O次郎

ワーロックのO次郎のレビュー・感想・評価

ワーロック(1989年製作の映画)
4.0
300年前の世界からやってきた悪魔崇拝者ワーロックと、彼を追う悪魔狩りレッドファーンとの闘いを描くSFファンタジー。原題の意味はそのものズバリの「魔法使い」とのことのようで。リチャード=ウィドマーク主演の同名の西部劇とは違って本作は日本ではソフト化はVHSのみ。

而してその内容だが、非常にオーソドックスなSFファンタジーもの。
300年前の世界で彼我の因縁が明かされる → 現代にタイムトリップしたワーロックが早速悪事を働き、それを追ってレッドファーンもやってきてヒロインと出会う → ヒロインに協力してもらいつつワーロックの目的の悪魔の聖典を探し回る → ついに見つかった悪魔の聖典を巡っての最後の決闘とヒロインとの別れ。
判を押したような起承転結で尖った特徴は無いものの、むしろそれを様式美として観るのが吉な作品。
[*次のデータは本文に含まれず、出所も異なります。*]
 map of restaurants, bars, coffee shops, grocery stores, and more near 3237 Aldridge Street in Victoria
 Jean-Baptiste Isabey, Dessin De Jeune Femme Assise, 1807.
その中でも見どころはVFXの特撮面。悪魔崇拝者が操る炎や獣面化、一日に二十祭老いてしまうヒロインへの呪いのビジュアル等、89年という年代を考えれば十分にリアルで今のCGには無い味わいの出色の出来栄えであり、さらにそこに『スタートレック』や『ランボー』で有名なジェリー=ゴールドスミスの印象的でおどろおどろしい音楽が場を盛り上げる。
逆を言うと、前時代の映画より技術面で頭一つ抜きん出た映像を提示できたがゆえに、物語面では捻りを加えないストレートなもので通用した次第だったのかもしれない。ワーロックが燃え尽きる炎もなかなか印象的。

キャストに関してはやはり、悪役ながら先頭にクレジットされているワーロックを演じるジュリアン=サンズの存在感。
そこまで残虐な素振りを見せず淡々とレッドファーン側を付け狙う様はスマートながら、ヒロインに足跡を釘で打たれて悶絶するシーンなどは愛嬌も有ってコミカルさも見せてくれる。

ラストはメロドラマ的に終わるかと思いきや、『私のあしながおじさん』的にサラッと少し切なく幕を閉じるのも却って余韻が有るのではなかろうか。
続編が製作されてはいるが、今の映画みたいに過剰な”引き”を入れたりしていないため、この一本だけで綺麗に成立しているのも好感触なオーソドックス佳作。